*** DATA EXCERPTS ***
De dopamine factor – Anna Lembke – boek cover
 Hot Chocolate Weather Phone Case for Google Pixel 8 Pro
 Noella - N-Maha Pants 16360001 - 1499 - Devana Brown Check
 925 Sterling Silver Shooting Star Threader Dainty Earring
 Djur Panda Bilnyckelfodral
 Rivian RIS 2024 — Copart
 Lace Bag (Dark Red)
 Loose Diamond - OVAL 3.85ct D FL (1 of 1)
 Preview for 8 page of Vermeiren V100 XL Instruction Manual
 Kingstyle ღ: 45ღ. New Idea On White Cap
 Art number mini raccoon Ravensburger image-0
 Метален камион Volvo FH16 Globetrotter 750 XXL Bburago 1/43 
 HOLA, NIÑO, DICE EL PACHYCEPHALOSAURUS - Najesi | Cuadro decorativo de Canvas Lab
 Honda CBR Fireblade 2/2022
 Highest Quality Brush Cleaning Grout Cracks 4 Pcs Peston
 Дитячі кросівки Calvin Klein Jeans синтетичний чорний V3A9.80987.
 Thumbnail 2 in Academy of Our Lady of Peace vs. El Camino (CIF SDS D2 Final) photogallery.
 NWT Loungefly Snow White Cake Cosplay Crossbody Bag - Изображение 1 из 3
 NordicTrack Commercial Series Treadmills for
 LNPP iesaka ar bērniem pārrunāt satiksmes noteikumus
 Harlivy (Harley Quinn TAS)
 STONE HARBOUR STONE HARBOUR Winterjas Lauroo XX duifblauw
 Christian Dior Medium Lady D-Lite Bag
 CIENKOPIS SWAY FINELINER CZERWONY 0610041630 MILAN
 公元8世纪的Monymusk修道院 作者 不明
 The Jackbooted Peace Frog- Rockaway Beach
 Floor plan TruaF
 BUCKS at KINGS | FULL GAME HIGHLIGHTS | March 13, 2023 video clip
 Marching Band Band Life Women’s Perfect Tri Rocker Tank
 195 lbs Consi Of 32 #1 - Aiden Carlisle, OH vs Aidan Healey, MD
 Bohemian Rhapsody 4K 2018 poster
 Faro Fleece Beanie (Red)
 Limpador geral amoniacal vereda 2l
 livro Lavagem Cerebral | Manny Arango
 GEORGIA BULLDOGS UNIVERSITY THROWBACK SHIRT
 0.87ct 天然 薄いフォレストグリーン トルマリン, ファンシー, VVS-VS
*** End of DATA EXCERPTS ***
## EXERCISE DETAILS
Each line of the records above, from the first through the one containing "Marching Band Band", is to be retyped exactly; no other line belongs.

## PROBLEM SOLUTION
De dopamine factor – Anna Lembke – boek cover
 Hot Chocolate Weather Phone Case for Google Pixel 8 Pro
 Noella - N-Maha Pants 16360001 - 1499 - Devana Brown Check
 925 Sterling Silver Shooting Star Threader Dainty Earring
 Djur Panda Bilnyckelfodral
 Rivian RIS 2024 — Copart
 Lace Bag (Dark Red)
 Loose Diamond - OVAL 3.85ct D FL (1 of 1)
 Preview for 8 page of Vermeiren V100 XL Instruction Manual
 Kingstyle ღ: 45ღ. New Idea On White Cap
 Art number mini raccoon Ravensburger image-0
 Метален камион Volvo FH16 Globetrotter 750 XXL Bburago 1/43 
 HOLA, NIÑO, DICE EL PACHYCEPHALOSAURUS - Najesi | Cuadro decorativo de Canvas Lab
 Honda CBR Fireblade 2/2022
 Highest Quality Brush Cleaning Grout Cracks 4 Pcs Peston
 Дитячі кросівки Calvin Klein Jeans синтетичний чорний V3A9.80987.
 Thumbnail 2 in Academy of Our Lady of Peace vs. El Camino (CIF SDS D2 Final) photogallery.
 NWT Loungefly Snow White Cake Cosplay Crossbody Bag - Изображение 1 из 3
 NordicTrack Commercial Series Treadmills for
 LNPP iesaka ar bērniem pārrunāt satiksmes noteikumus
 Harlivy (Harley Quinn TAS)
 STONE HARBOUR STONE HARBOUR Winterjas Lauroo XX duifblauw
 Christian Dior Medium Lady D-Lite Bag
 CIENKOPIS SWAY FINELINER CZERWONY 0610041630 MILAN
 公元8世纪的Monymusk修道院 作者 不明
 The Jackbooted Peace Frog- Rockaway Beach
 Floor plan TruaF
 BUCKS at KINGS | FULL GAME HIGHLIGHTS | March 13, 2023 video clip
 Marching Band Band Life Women’s Perfect Tri Rocker Tank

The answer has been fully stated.